The project is using satellite images to see how biodiversity in Höganäs, Sweden, is affected over time. It also monitors how dust spreads from Höganäs’ operations and assesses water quality in the sea adjacent to the plant. If the project is successful, it could be rolled out to other Höganäs sites and suppliers around the world.
“Today we measure our emissions, but it is also interesting to know if we impact our surroundings, so that we can adapt our environmental protection measures,” says Anders Bergman, Environment and Climate Manager, Group Sustainability at Höganäs.
The company’s site in Höganäs is situated close to an area of high biodiversity value. Höganäs aims to protect the area by ensuring its operations do not have negative impacts.
“Using satellite images, we can see how the vegetation is doing and how varied it is. If the vegetation is healthy and varied, it attracts a higher number of insects and other animals. By using historical satellite images, we can see how vegetation has developed over time,” explains Frida Lindbladh, Environmental Engineer at Höganäs.

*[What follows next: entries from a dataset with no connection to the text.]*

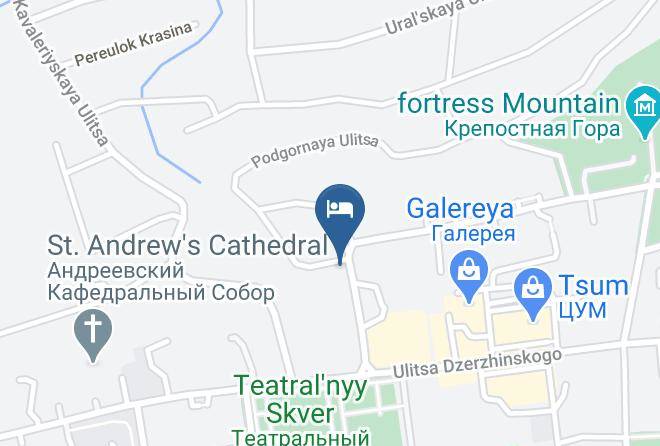 Stavropol - July Hotel Maps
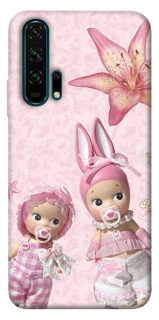 Чохол на Huawei Honor 20 Pro Vintage Blossom Twins фото 1 з 1
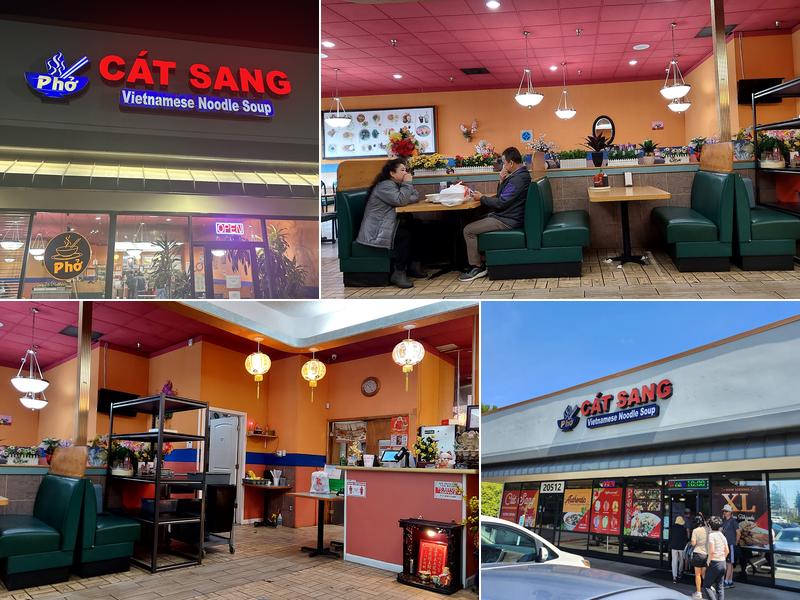 Pho Cat Sang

The pilot project began in April and will run until June, when it will be evaluated. If successful, the project may have the potential to be introduced at other Höganäs sites around the world – and even to monitor the impact of the company’s suppliers.
“The demands for control in the supply chain are constantly increasing, and satellite mapping could be an effective complement to on-site supplier audits,” says Bergman.
The mapping pilot project is carried out in collaboration with GlobalTrust, which is a data analysis company that uses satellite data to help companies to promote sustainability in their operations.